# Work instruction:
Beginning with the line that holds "Porcelain veneers — smile result" in the data below, give again every line through the one that holds "Diario HOY |", exactly as written.

─── The input ───

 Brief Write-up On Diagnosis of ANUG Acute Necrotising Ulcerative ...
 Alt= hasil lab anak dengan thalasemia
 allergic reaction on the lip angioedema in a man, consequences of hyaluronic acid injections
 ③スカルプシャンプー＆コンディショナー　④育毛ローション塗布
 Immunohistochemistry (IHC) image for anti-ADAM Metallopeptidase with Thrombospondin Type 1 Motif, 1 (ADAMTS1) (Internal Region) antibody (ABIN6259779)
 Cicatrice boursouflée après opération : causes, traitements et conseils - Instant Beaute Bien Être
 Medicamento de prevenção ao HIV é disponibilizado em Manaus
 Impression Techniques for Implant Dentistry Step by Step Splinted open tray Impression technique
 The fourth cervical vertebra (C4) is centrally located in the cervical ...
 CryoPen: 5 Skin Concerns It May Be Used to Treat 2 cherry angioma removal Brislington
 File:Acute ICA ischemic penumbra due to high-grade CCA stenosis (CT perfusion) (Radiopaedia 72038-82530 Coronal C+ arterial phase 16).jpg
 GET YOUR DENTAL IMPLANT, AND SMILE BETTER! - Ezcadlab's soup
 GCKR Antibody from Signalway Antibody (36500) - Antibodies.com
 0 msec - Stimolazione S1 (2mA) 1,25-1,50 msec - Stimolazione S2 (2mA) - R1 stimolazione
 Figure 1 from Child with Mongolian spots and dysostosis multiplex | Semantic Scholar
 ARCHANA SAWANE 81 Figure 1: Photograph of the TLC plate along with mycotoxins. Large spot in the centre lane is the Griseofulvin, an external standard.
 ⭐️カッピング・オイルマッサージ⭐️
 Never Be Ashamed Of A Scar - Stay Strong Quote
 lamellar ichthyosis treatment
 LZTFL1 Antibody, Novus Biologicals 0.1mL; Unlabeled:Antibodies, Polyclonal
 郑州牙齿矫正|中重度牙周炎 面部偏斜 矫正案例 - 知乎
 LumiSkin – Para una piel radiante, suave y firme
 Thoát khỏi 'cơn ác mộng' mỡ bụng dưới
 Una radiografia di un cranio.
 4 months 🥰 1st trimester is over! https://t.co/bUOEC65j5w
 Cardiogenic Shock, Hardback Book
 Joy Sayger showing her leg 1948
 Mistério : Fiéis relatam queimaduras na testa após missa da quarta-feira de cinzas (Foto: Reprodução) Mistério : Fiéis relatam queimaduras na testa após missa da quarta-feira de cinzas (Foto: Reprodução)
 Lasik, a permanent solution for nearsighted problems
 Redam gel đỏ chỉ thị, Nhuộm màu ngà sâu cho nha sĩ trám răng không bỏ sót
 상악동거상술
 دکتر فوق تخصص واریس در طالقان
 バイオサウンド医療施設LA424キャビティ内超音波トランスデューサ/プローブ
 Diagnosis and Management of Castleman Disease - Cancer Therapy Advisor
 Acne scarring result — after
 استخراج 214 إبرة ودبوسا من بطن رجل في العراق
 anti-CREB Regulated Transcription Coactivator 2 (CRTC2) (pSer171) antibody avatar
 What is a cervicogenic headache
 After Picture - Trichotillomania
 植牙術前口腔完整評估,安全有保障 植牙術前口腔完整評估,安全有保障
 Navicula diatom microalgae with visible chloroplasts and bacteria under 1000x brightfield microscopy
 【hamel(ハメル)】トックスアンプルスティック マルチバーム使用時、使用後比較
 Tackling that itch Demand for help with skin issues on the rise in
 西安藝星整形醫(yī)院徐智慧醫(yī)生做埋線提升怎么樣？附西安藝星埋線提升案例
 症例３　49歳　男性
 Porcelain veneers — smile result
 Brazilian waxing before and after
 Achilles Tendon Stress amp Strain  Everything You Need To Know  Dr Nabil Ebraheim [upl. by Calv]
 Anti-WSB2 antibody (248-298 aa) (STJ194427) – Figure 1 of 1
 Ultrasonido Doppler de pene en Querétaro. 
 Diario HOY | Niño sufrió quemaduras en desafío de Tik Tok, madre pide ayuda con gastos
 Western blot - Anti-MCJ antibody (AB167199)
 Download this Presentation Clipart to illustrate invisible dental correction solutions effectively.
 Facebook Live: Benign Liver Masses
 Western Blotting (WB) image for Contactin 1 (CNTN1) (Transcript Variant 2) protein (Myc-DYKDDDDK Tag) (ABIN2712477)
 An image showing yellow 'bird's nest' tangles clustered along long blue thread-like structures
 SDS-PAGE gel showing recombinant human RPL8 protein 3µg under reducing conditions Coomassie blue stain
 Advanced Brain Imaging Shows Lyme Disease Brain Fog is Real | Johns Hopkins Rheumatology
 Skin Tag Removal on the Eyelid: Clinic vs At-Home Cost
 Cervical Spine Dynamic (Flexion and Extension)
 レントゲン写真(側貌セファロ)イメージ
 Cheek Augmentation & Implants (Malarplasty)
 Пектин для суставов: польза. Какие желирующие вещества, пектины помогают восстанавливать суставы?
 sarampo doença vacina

───

# Your solution:
 Porcelain veneers — smile result
 Brazilian waxing before and after
 Achilles Tendon Stress amp Strain  Everything You Need To Know  Dr Nabil Ebraheim [upl. by Calv]
 Anti-WSB2 antibody (248-298 aa) (STJ194427) – Figure 1 of 1
 Ultrasonido Doppler de pene en Querétaro. 
 Diario HOY | Niño sufrió quemaduras en desafío de Tik Tok, madre pide ayuda con gastos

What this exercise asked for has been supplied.